Climbing can be about technique. The ability to move fluidly is, in itself, rewarding.

But it can also be about the expression of pure strength and that is also rewarding. It feels good to be physically strong, to be able to manipulate your body weight in a way that requires power.

This is the reason why, in almost every climbing gym worldwide, there is a super strong dude (and it usually is a dude) attempting to climb some difficult route without using his feet. On many an occasion I have been ‘that dude’.

It’s technically unsound to climb with bad footwork. Not using feet at all is typically a brag. Look everyone! I can do this route without feet, imagine what I could do if I actually did use them. It also works as a form of upper body training. The ability to pull up, lock in on one arm, and then reach statically with another is incredibly useful and climbing specific. It also feels super rewarding to move like that because it makes you feel strong.

Grow Home really replicates that feeling perfectly. Above you can see me trying to climb on a roof. There’s no physical exertion on my end, I’m just pushing buttons, but Grow Home does such a spectacular job of making its protagonist feel heavy. You can feel the effort and he moves and swings from move to move. You can manipulate BUD’s arms to the point where he almost locks his arms into his chin before stretching out to the next hold. For a climber that looks (and feels) incredible.

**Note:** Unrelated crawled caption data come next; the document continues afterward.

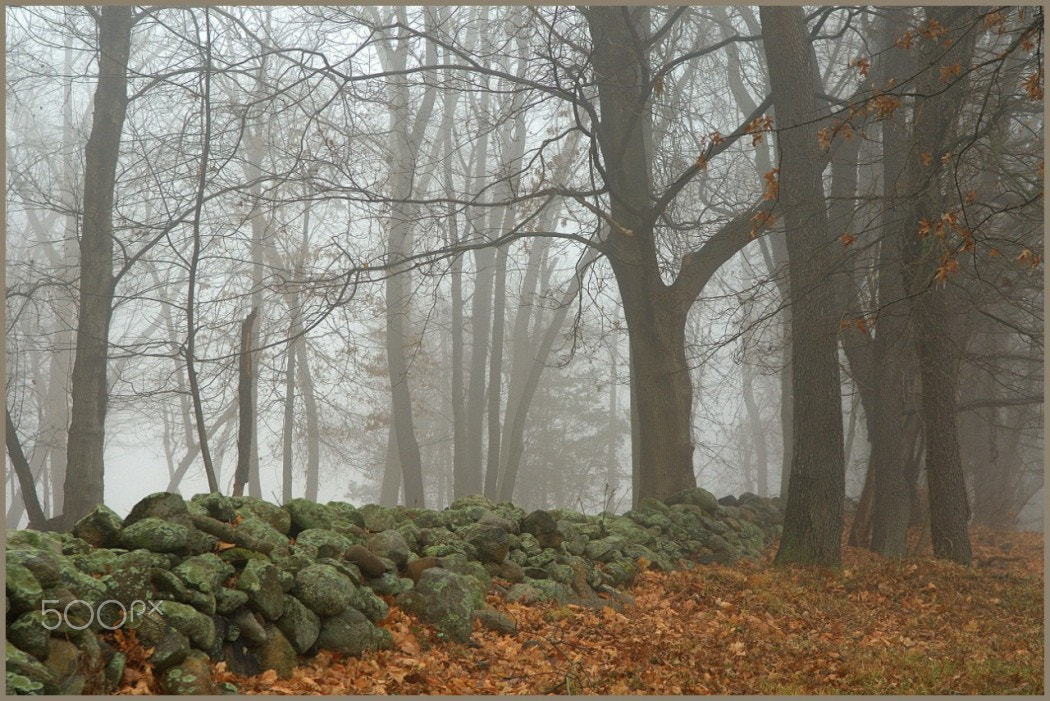 Nikon D300 sample photo. A foggy morning in the woods photography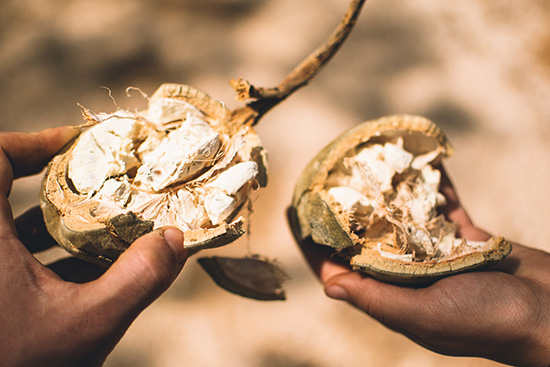 Baobab – Superfood and body care in one Baobab – Superfood and body care in one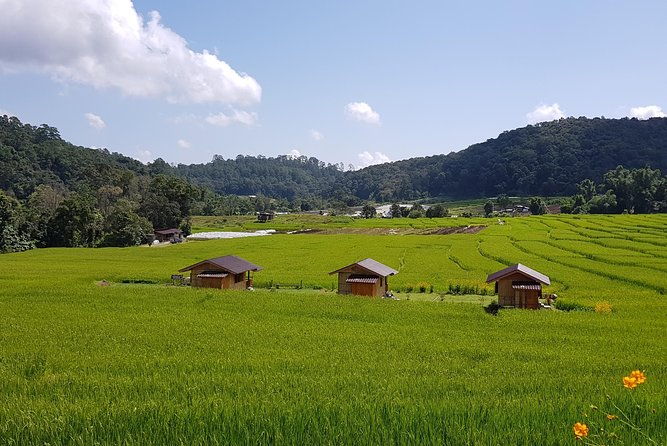 Best seller! Doi Inthanon National Park Oneday tour with the Highest point - Final Thoughts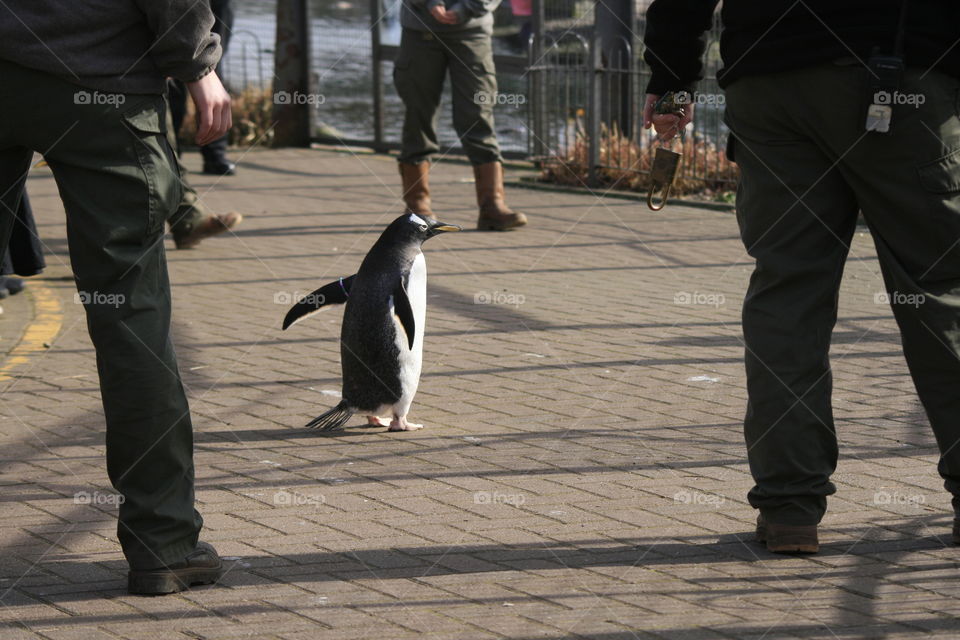 Please  can someone catch the penguin?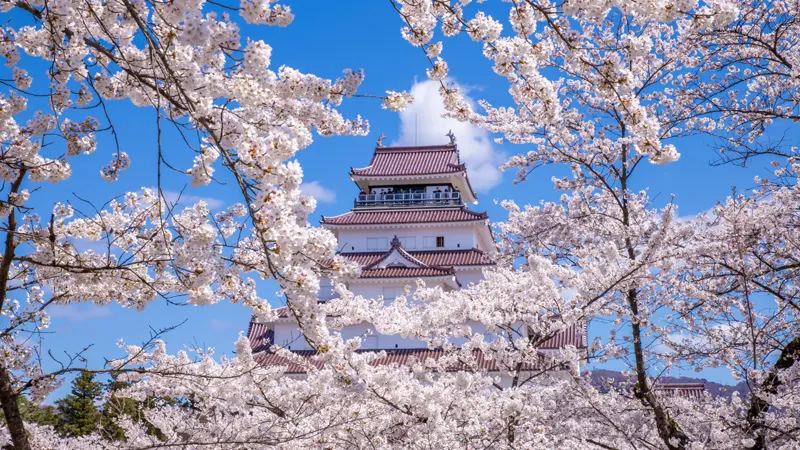 View of Tsuruga Castle in cherry blossom season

The feeling of exposure is thrilling. That moment. You hit a flat rockface; you’re suddenly higher than a human being should be. It’s terrifying but provides you with this incredible unparalleled view. Some climbers live for that moment. It’s a shot you see in every climbing movie ever made. A climber, let’s say Alex Honnold, is pinned to the face of some impossibly high rock face. The camera looks down. There is nothing between him, the rock, and an insane plummet to the ground below. It’s incredible to watch and even more incredible to be a part of.

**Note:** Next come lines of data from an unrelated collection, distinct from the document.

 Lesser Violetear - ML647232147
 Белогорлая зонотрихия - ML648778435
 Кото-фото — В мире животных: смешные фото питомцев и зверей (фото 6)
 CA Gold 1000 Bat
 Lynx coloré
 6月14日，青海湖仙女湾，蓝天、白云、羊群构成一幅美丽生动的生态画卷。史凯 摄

Grow Home does such a great job of replicating that feeling, for a number of reasons.

To begin with, Grow Home can be visually dazzling. Secondly, it’s a game in which you literally start at the bottom and climb your way to the top. When the camera zooms out and pans downward, you get to see where you have been and how far you have come. Thirdly, the stakes are high. Falling in Grow Home can be punishing. If you make a wrong move and find yourself careening to the floor below? The next five minutes of your life have the potential to be frustrating as hell as you clamber back to your previous high point.

This is a good thing.

In Grow Home falling has very real consequences and climbing can be fraught with risk. You climb nervously, carefully. Particularly in these incredible moments of exposure — and that’s precisely how climbing in a video game should feel.



Above: a moment that was worth the effort. A beautiful, glorious reward.

Grow Home just puts it together so beautifully. The movement, the feeling of weight and consequence. It’s a game the earns its big moments: climbing out of a waterfall, nervously grasping for each hold. It’s a game that mimics both the feeling of climbing and its rewards.

Grow Home is the new climbing game of my dreams.